BRITAIN’S GCHQ eavesdropped regularly on calls from German chancellor Angela Merkel’s mobile phone, according to reports in a German magazine today.
Weeks after it was revealed that America’s NSA routinely hacked into Ms Merkel’s mobile phone comes the revelation that Britain – along with Russia, China and North Korea – were listening into the conversations of the world’s most powerful woman.
“With so many people hacking in at once it is a surprise the mobile didn’t explode in her hand,” one government official told a radio phone-in show in Germany yesterday.
The claims are made in Focus magazine by security correspondent Josef Hufelschulte, regarded as reliable as he was the target of German intelligence hacking of his phone a decade ago when spies wanted to trace the source of his stories.
Last week Berlin announced it was stepping up security for high-ranking politicians with special anti-bugging devices in mobile and landline telephones.
It is understood this was announced because officials knew of the free-for-all listening-in that was taking place on the chancellor’s phone among the world’s top espionage services.
The British Embassy in Berlin was revealed in the documents leaked by NSA whistleblower Edward Snowden to be the base for GCHQ snooping in Berlin. In their article, Focus reveals that Germany has identified 120 diplomats registered at the Russian Embassy in Berlin to be spies, 60 of them tasked specifically with recruiting informers across Germany.
In the past year overseas agents – including British ones – have allegedly tried to recruit more than 100 German politicians, military officers, civil servants, business managers and scientists to trade information deemed useful.
“These are the ones that did the honourable thing and reported the approaches made to them by spooks from another country,” said a government source.
“How many hundreds more sold out for cash or sex or some other commodity they wanted is anyone’s guess.”
The phone tapping claims will further strain relations between Berlin and London, as British diplomats work hard to gloss over the effects of the embassy spying operation in the German capital.

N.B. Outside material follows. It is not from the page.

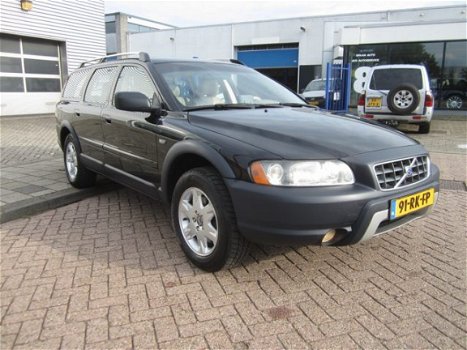 Volvo XC70 - 2.4 D5 Momentum l Leer l Open dak - 1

A spokeswoman from the Foreign and Commonwealth Office said last night: “As part of a long-standing policy, we neither confirm or deny anything that concerns intelligence issues.”
Following the phone-tapping reports, a German politician has called on British spy chiefs to hand over information they gathered on him using the “spy station” at the UK embassy in Berlin.
Hans-Christian Stroebele is pushing for Britain to face action for breaking European laws claiming that the UK has allowed fibre optic cables in England to be used to transmit data from Germany to the United States.